Какой умный человек может сказать это? Если и человек, занимающийся каким–нибудь искусством, прежде, чем окончит свое произведение, прежде, чем обработает его, знает употребление, для коего полезно это произведение, то тем более Создатель вселенной, приведший словом все из небытия в бытие, знал, еще прежде сотворения света, что он добро. Для чего же (Моисей) употребил такое выражение? Снисходя к обычаю человеческому, блаженный пророк говорит так, как люди, делая что–либо с великою тщательностью и окончив труды свои, уже по испытании произносят похвалу своим произведениям; таким же образом и Божественное Писание, снисходя здесь к слабости слуха нашего, говорит…»[258]
В этом толковании можно заметить некоторое противоречие. Если даже мастер знает заранее, какое произведение выйдет из его рук, то тем более Творец Всего знает об этом.

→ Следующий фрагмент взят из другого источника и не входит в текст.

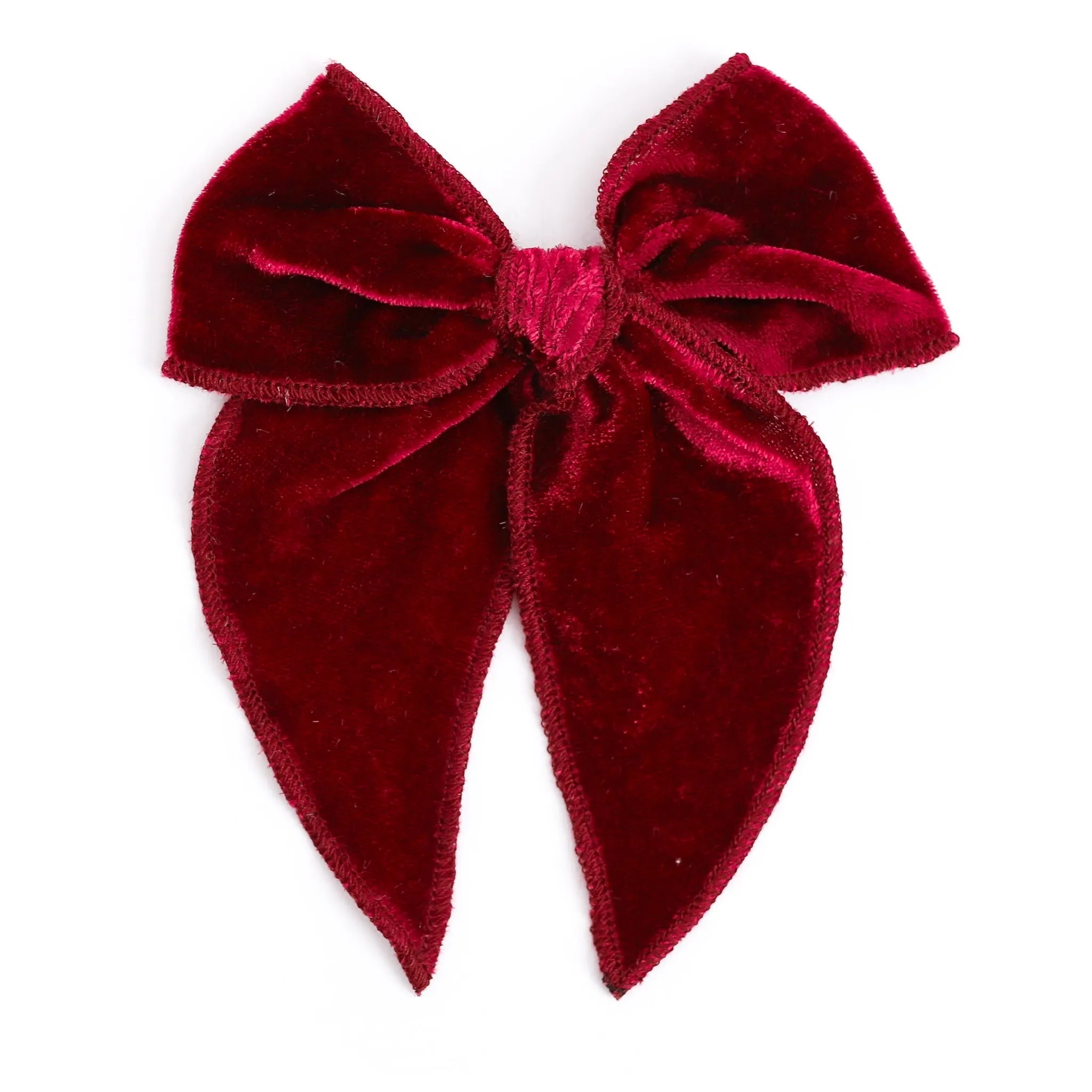 Party Girl Bow - Crimson Velvet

В чем же тогда отличие Бога от ремесленника и для чего нужно «снисходить к обычаю человеческому», объясняя действия Бога, если Бог и сам по себе действует как Высший Мастер? Такое толкование дважды противоречит себе, представляя Бога как человека и тем самым делая необъяснимым библейское очеловечивание Бога как всего лишь условный прием «снисхождения».
Но если читать в откровении то, что действительно открывается в нем, а не под предлогом «снисхождения» скрывается от нас, то весть о непредсказуемом исходе творения выступает ясно и недвусмысленно. Бог видит свое творение и находит его «хорошим» — такова нечаянная радость свободного творчества. Результат лишь в конечном счете совпадает с проектом, между ними помещается непредсказуемость творческого акта. Бог сам как бы удивляется созданному, выступает как свидетель и очевидец своей работы, соотносит «увиденное» со «сказанным». «Хорошо» означает меру совершенства творения в соотнесении с мерой его свободы: оно «получилось», «случилось» в некоторой независимости от Творца, а затем одобрено им уже в меру его отдельности, самостояния, на расстоянии оценивающего взгляда.

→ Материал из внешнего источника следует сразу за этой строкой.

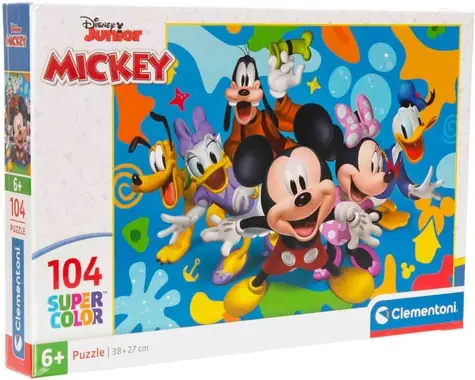 CLEMENTONI Puzzle Mickey Mouse a přátelé / 104 dílků / od 6 let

Эта троичность миротворения: проект — действие — результат, или слово — дело — взгляд, — уже предвосхищает собой ту трехипостасность Бога, которая позже выявилась в христианском вероучении. Причем три ипостаси: Бог–Творец, Сын–Слово и Дух–Утешитель (тот, кто утешает, т. е. говорит «хорошо»), будучи нераздельными, вместе с тем свободны по отношению друг к другу, взаимно невыводимы и несводимы, что и объясняет троичность самого процесса миротворения. Более того, трехипостасность объясняет подвижность, «процессуальность» самого Творца, динамику взаимоотношений между его ипостасями: он пересоздает самого себя и именно поэтому создает мир вне себя.
О том, насколько архетипически глубока и устойчива эта троичная схема творческого акта, свидетельствует то, что впоследствии она многократно воспроизводилась в светской культуре, особенно в идеологиях, сконструированных по образцу теологий. Например, поэма Маяковского «Хорошо!» своим заглавием и рефреном последней части сознательно или бессознательно использует ту же библейскую формулу — «и увидел, что это хорошо». Революция — сотворение нового мира, который «удался», вышел на славу по слову и делу основоположников — теоретиков и практиков коммунизма. Теперь он подлежит оценке и удостоверению самого поэта как «третьей ипостаси» этого «коммунного» божества:
«Хорошо» и «лучше» здесь звучат гимнически, ибо поэт сочиняет слова для новой «литургии» во славу революции как творения нового мира. Главное в этой заключительной части — хозяйски–горделивый взгляд поэта: он сверяет окружающий мир с «заветами» — и удостоверяет: «хорошо!» «Надо мною небо. Синий шелк! Никогда не было так хорошо!» Слово Маркса — дело Ленина — и, наконец, взгляд и свидетельство самого Маяковского, как очевидца воплощенного слова[259].